Неожиданно все исчезает. Исчезает ощущение верха и низа, вообще исчезает ощущение пространства. Земля и небо исчезают. Подъем и спуск теряют всякий смысл.

Я чувствую на своем лице ледяные пальцы, которые притрагиваются к моему лбу, затем к глазам, носу. Я цепенею от этого прикосновения. Какой странный сон! Сон? А может, это явь! Мысли мои бегут все быстрей и быстрей, я и сам их подгоняю. Не нужные мне я напрочь отшвыриваю.
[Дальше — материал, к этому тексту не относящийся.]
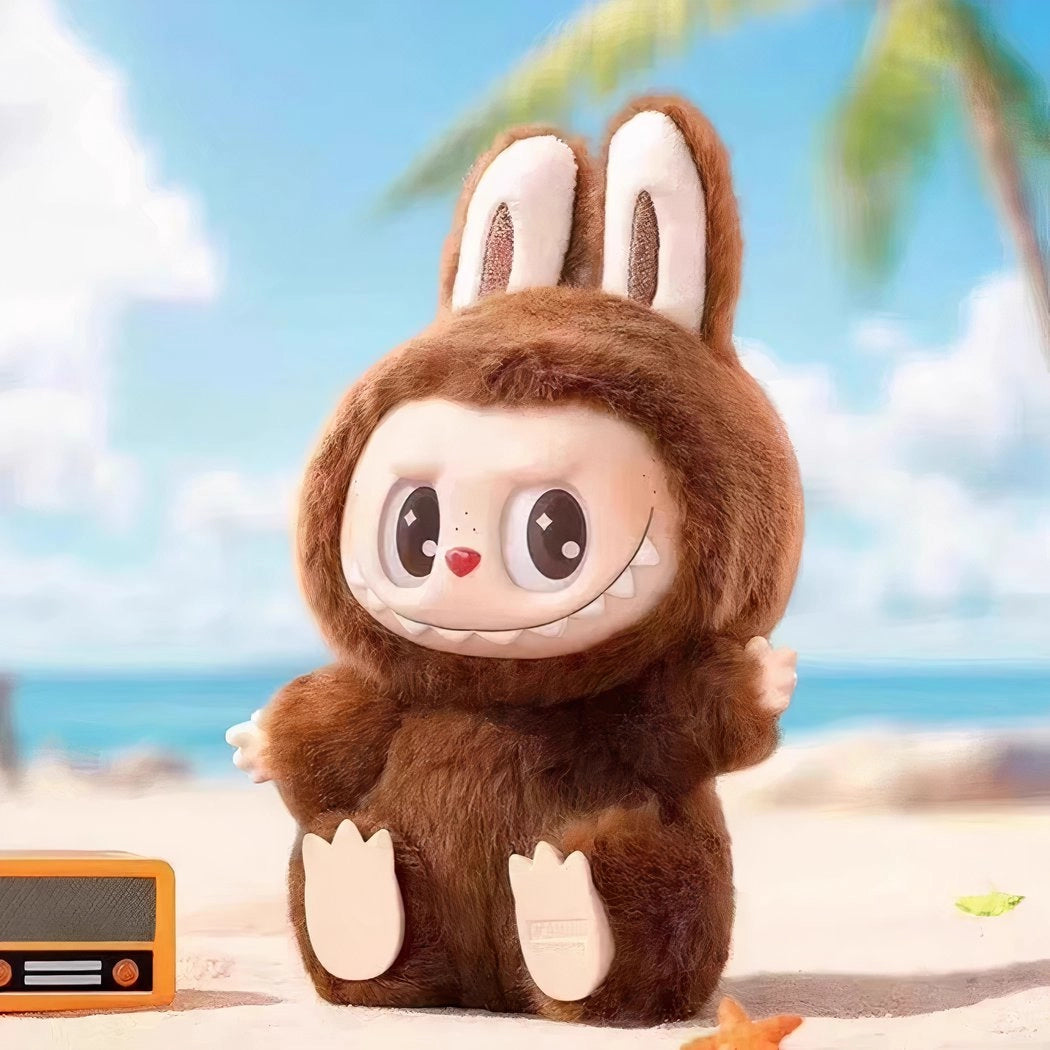 Peluche type Labubu assise boîte mystère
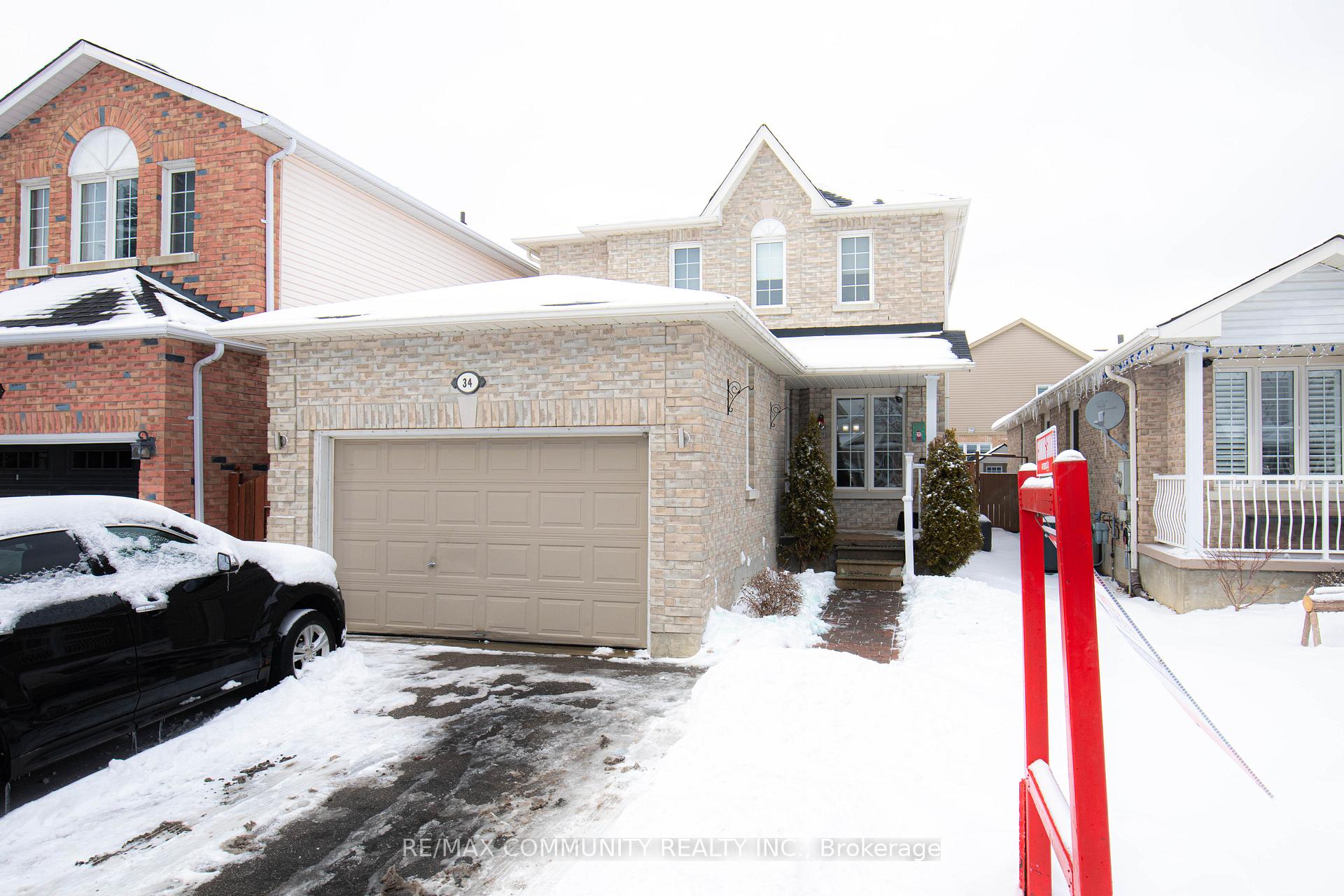 Photo 2 of 34 Daiseyfield Avenue, Clarington, Courtice — HOMEH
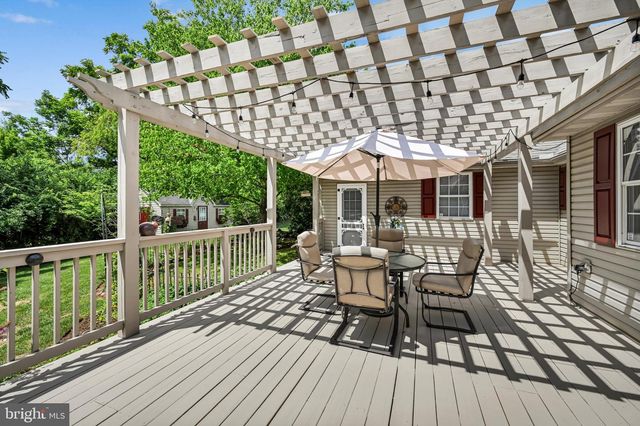 1374 CLEARVIEW DR, Denver, PA 17517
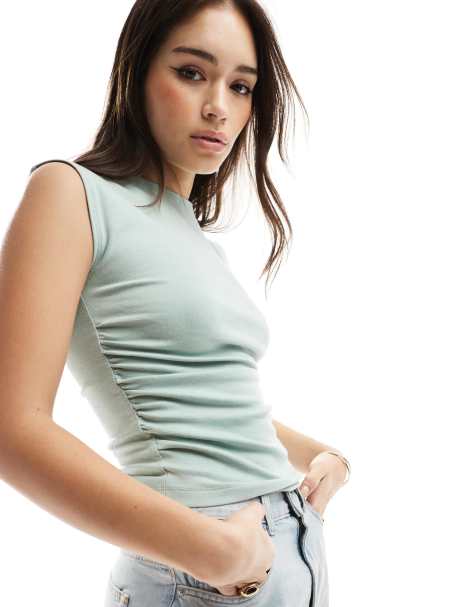Stradivarius - Top a maniche corte arricciato verde chiaro - view 1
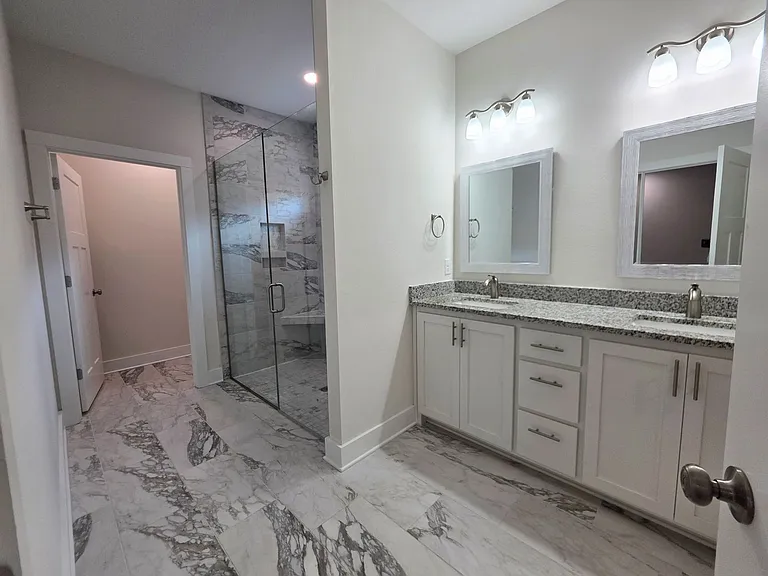 4570 Omaha Dr — Photo 22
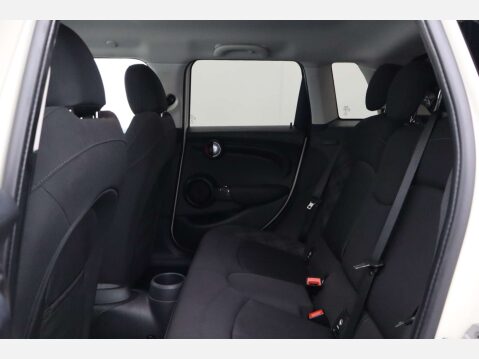 Mini Hatch 1.5 Cooper 5dr 27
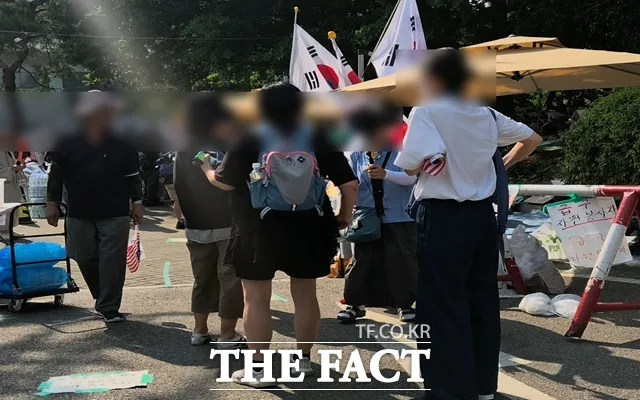 "너 박근혜 때도 나왔어?" 주도권 다툼 '긴장감'...'밥차'도 등장 [오승...

11일 낮 집회 7일차 맞이한 서울 송파 올림픽공원 집회 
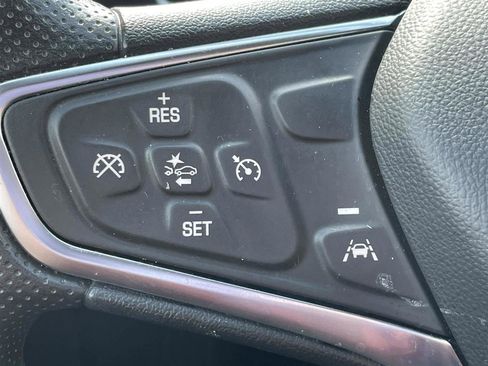 Used 2024 Chevrolet Malibu LT image 22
И специально сворачиваю в забытые, а может, и совсем мне незнакомые закоулки мозга, где и нет-то ничего, кроме подсознания, но я роюсь и там. Иногда мне приходится отплевываться от противной мелочи, плавающей в башке, словно тополиный пух, и норовящей захватить мое мышление. Вот мне попадается Ницше, ненавидящий христианство. Он пишет «По ту сторону добра и зла». Еще один художник-модернист Пабло Пикассо. Хитрый мазилка зарабатывает на своей мазне миллионы. Коммунистический попутчик держит любимую козу в своей роскошной вилле. Ну как же, а рядом Гойя. Этот рисовал нормально, а потом стал «прогрессировать» — потянуло на бои быков, к нечистой силе. Начал смаковать ужасы войны. По содержанию — болезненный, оголенный натурализм, по форме — ранний модернизм. А с медицинской точки зрения — типичный прогрессирующий мозговой разжиж. Поджав ноги, в деревянном корыте сидит Нострадамус. Тоже мне жрец, одурманивается содовыми парами и плетет какие-то вирши по поводу конца света.

Я карабкаюсь все дальше, все глубже незнакомыми мне маршрутами, делаю какие-то крюки. Я хочу найти того, чьи ледяные пальцы только что ползали по моему лицу. И вот фонарик памяти в какой-то отмирающей из-за ненадобности и уже не пульсирующей части мозга высвечивает что-то несообразное, похожее одновременно и на животное и на человека.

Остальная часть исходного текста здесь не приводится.